Although Korea’s order volume fell 5 percent from a year earlier, the result underscores a relative rebound, given that orders for China, the world’s largest shipbuilder by CGT, slipped 47 percent to 26.64 million CGT in the same period.

This momentum is expected to continue, with Korea’s share of global shipbuilding orders expected to recover into the 20 percent range for the full year after dropping to its lowest level since 2016 at 17 percent last year.

Korean shipbuilders’ stellar performance stands out against a downward trend in the global shipbuilding industry, as cumulative global ship orders from January to November fell 37 percent year-on-year to 44.99 million CGT.

Industry watchers say the US anti-China push in shipbuilding — including a year-delayed port fee increase of around $50 per ton on China-built vessels entering US ports — has raised regulatory risks for global shipowners that place new orders with Chinese shipyards, while highlighting Korean shipbuilders as a strategic alternative.

Notably, HD Korea Shipbuilding & Offshore Engineering, the intermediate holding company for HD Hyundai’s shipbuilding units, has secured orders worth $18.16 billion for 129 vessels so far this year, exceeding its annual target of $18.05 billion. This marks a five-year streak of exceeding its annual order targets since 2021.

Hanwha Ocean has won orders worth $9.83 billion, such as 20 very large crude carriers (VLCCs) and 13 LNG carriers, surpassing last year’s $8.98 billion.

Samsung Heavy Industries has so far reached 76 percent of its $9.8 billion annual order target, landing contracts for nine LNG carriers, nine shuttle tankers, nine container ships, two ethane carriers, 11 crude oil tankers and one preliminary offshore production facility.

“Although Korean shipbuilders have witnessed a rise in revenues, primarily driven by orders for high-value ships such as LNG carriers, China still dominates the world’s shipbuilding market on price-competitiveness,” said an industry source.

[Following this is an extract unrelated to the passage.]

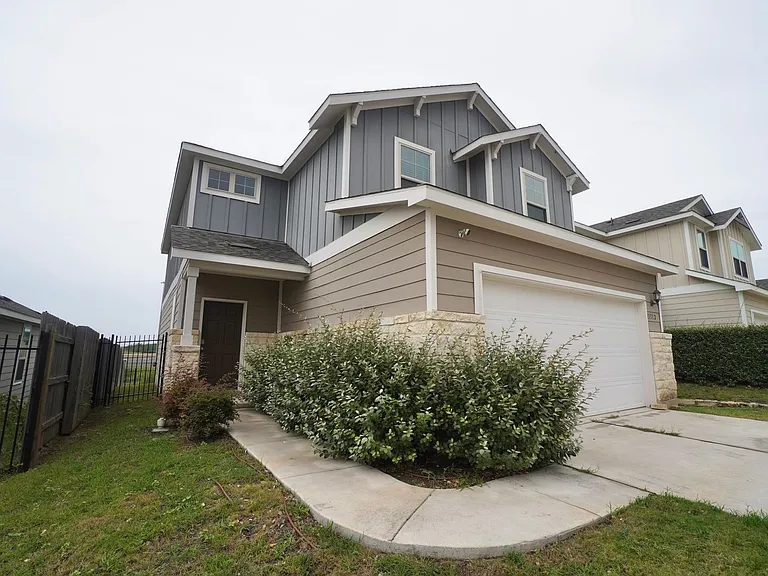 11112 Mestengo Dr — Photo 3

“But the US Make American Shipbuilding Great Again or MASGA project, along with Washington’s curbs on Beijing, is likely to give Korea a strategic edge in gaining more share in the global shipbuilding market.”

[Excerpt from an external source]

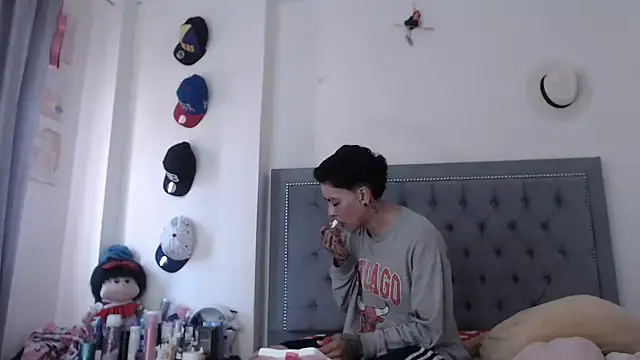 dulce maria x online show from 10/09/25, 12:36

On Tuesday, President Donald Trump signaled closer ties with Korean shipbuilders by announcing that construction of the US Navy’s new frigates would be led by Huntington Ingalls and Philly Shipyard, which was acquired by Hanwha Ocean.

In October, Huntington Ingalls signed a memorandum of agreement with HD Hyundai to jointly design and build the US Navy’s next-generation logistics support vessels — the first collaboration of its kind between Korea and the US.